You will see from this tale that the witches saw it variously as "he" and "it." And there were reasons.

But let me return to the moment. The porch, the being caressing me.

When I grew tired of its embrace, and I turned around, there was my mother in the doorway, watching all of this, and she reached out and clutched me to herself, and said to it: "You shall never hurt him. He is a harmless boy!"

And I think then it answered her in her head because she grew quiet. It was gone. That was all I knew for certain.

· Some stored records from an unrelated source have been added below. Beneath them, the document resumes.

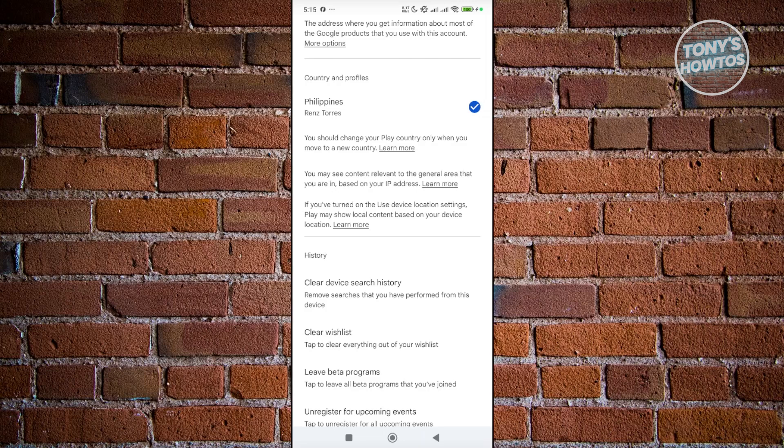You need to wait a whole one year in order for you to change your country back to whichever country that you want to base it on. So currently, that's the only way for you to redeem Google Play gift cards if you are from that specific region or country.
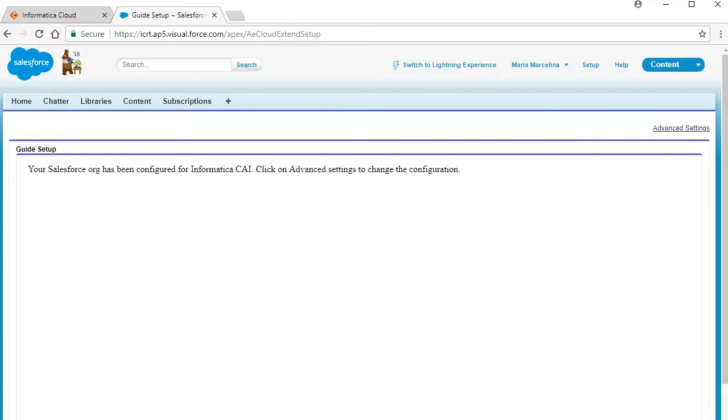This concludes the demonstration on installing the Informatica managed package.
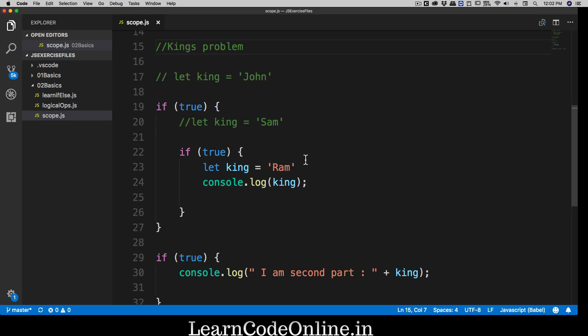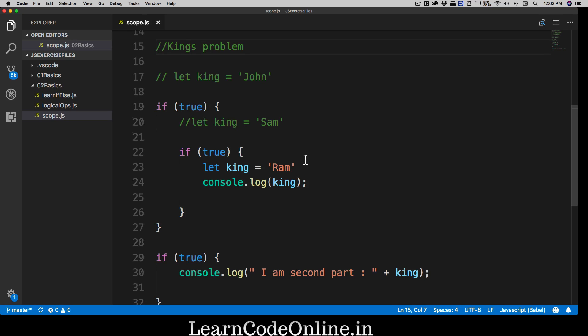Remember this King's Territory problem — it is my classic example in all my boot camps and people love it. Let me know in the comment section whether you love it or not, and don't forget to visit learncodeonline.in. I'll catch you in the next video.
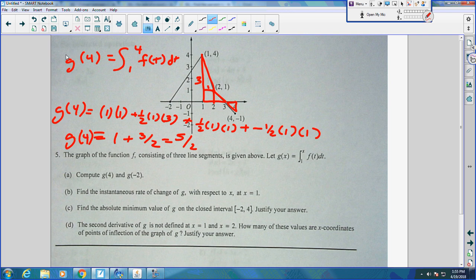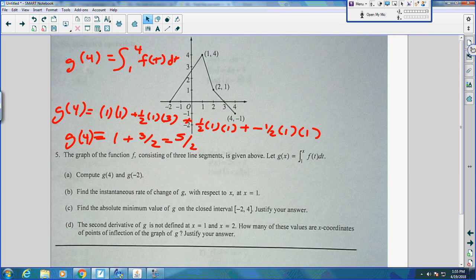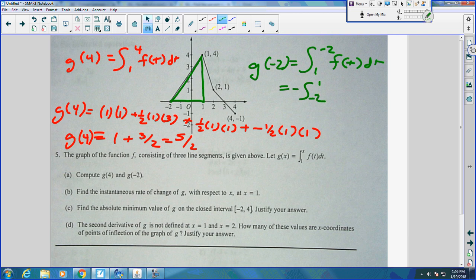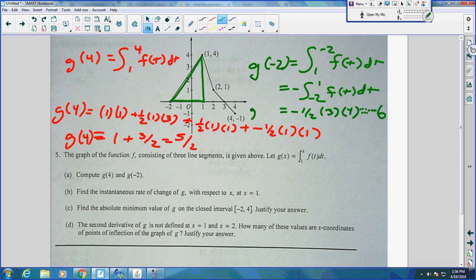Then the next thing I would do would be g of negative 2. I know it's going to be negative because it's going backwards. I probably wouldn't take the time to flip the limit to put the negative sign in front — it's above the curve. On the AP, I would skip that step. It's going to be negative one half, the base is 3, the height is 4, and I get negative 6. So g of negative 2 is negative 6.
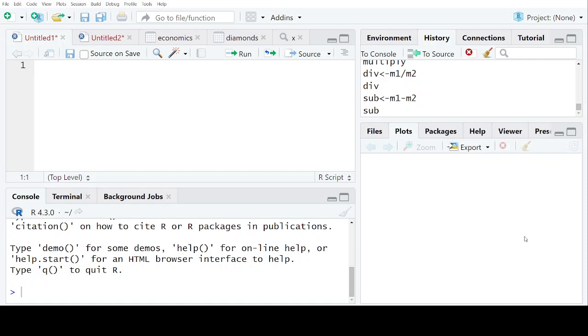Hey friends, welcome back to my channel. In today's video, we will be discussing about the dataset in RStudio. Now, what is a dataset? A dataset is a collection of data, often represented in a table.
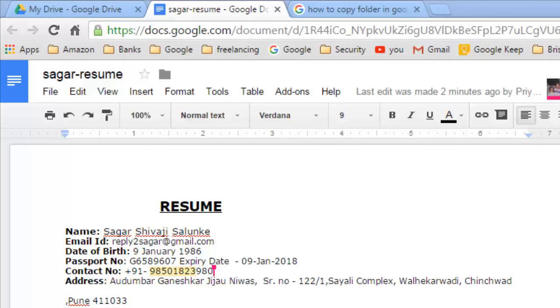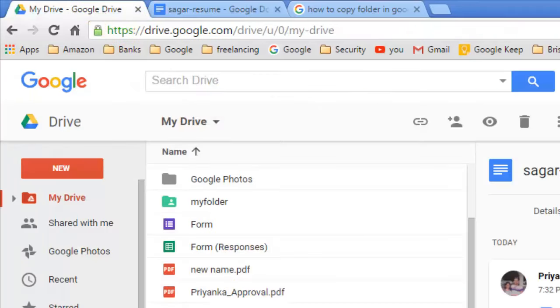Hello, in this video I'm going to show you how you can edit a shared document in Google Drive. Once the document is shared with someone else, the other person can view the document.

The next morning I went at once to the nursery where I still slept with Remy and Katherine and some other sweet cousins best forgotten. I could not write very well. And understand now on this point, many people in those years could read, but couldn't write.

In fact, to read but not to write was common. I could read anything, as I've said, and words like transubstantiation rolled off my tongue both in English and in Latin. But I had only just begun to form written letters with agility and speed, and I had a hell of a time recording what the fiend had said, but finally, asking, "How do you spell--?" of everybody who chanced to pass through the room, I got it down, exactly. And if you want to know, those words are still scratched deep in the little desk, a thing handmade of cypress which is in the far back attic now and which you, Michael, have touched with your own hands once as you repaired the rafters there.

"Until such time as..." Those were the words the fiend had spoken. Which struck me as powerfully significant.

I determined then and there to learn to write, and did so within six months, though my handwriting did not assume its truly polished form till I was near twelve. My early writing was fast and clumsy.